◆ Exercise data

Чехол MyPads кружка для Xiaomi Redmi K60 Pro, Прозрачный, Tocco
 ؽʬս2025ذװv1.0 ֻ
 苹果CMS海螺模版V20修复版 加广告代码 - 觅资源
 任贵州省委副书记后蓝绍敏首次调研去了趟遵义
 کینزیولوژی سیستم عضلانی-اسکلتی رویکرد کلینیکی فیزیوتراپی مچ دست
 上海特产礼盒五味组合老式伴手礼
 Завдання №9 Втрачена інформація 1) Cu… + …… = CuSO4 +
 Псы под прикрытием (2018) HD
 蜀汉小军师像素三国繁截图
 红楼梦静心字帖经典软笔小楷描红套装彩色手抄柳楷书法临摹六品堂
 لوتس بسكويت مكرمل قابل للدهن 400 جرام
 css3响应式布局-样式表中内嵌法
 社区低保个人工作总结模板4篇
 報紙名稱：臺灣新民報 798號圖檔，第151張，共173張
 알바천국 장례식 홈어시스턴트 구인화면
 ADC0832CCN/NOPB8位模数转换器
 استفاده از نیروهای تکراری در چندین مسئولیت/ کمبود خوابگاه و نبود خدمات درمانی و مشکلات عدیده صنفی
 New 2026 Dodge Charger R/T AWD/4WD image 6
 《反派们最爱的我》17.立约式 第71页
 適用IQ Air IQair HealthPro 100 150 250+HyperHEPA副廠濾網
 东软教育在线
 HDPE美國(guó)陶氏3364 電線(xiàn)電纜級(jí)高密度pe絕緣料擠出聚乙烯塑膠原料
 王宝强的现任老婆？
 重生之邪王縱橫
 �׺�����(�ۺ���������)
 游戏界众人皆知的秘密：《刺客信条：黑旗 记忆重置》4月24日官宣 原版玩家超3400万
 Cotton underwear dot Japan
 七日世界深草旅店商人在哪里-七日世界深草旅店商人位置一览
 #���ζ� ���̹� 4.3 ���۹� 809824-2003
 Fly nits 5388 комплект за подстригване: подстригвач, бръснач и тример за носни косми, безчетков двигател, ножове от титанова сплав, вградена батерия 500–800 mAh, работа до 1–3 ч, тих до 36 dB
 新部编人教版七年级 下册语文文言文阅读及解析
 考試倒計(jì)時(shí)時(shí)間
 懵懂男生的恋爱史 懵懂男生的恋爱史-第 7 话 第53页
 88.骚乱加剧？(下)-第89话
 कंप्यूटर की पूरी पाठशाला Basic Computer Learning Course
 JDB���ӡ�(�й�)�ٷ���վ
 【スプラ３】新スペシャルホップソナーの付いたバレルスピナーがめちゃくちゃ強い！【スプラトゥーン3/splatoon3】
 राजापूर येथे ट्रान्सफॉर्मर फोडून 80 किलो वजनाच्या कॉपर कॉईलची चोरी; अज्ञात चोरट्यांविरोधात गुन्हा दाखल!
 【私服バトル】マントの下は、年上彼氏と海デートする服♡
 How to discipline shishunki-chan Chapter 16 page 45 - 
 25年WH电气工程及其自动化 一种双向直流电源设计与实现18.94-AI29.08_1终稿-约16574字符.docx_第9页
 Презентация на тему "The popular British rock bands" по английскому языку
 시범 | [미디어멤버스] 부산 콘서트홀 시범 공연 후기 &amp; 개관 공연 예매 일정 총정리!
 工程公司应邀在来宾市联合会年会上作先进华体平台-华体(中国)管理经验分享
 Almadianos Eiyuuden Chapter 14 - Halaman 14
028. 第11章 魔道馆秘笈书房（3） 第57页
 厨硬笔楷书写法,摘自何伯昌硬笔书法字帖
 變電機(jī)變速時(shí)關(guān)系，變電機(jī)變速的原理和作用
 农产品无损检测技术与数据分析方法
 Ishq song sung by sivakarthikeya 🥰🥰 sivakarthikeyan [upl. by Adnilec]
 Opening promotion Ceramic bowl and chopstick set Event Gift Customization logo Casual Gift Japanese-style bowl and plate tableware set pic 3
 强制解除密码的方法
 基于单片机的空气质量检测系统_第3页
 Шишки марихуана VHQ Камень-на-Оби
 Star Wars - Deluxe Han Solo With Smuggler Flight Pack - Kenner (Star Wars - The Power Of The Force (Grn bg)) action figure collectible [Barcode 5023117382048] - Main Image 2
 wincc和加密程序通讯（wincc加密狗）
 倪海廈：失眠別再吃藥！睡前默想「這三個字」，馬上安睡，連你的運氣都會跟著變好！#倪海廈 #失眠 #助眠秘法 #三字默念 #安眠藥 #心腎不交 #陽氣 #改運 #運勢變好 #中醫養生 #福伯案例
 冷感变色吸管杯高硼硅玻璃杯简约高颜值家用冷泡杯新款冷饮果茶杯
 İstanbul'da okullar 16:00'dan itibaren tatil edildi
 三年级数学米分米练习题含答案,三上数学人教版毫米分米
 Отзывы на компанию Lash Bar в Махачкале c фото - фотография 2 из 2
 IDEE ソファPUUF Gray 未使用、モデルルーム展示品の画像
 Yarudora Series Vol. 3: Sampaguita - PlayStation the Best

◆ The task
Each line of the material with the word "Chapter" in it should be listed.

◆ Task response
 How to discipline shishunki-chan Chapter 16 page 45 - 
 Almadianos Eiyuuden Chapter 14 - Halaman 14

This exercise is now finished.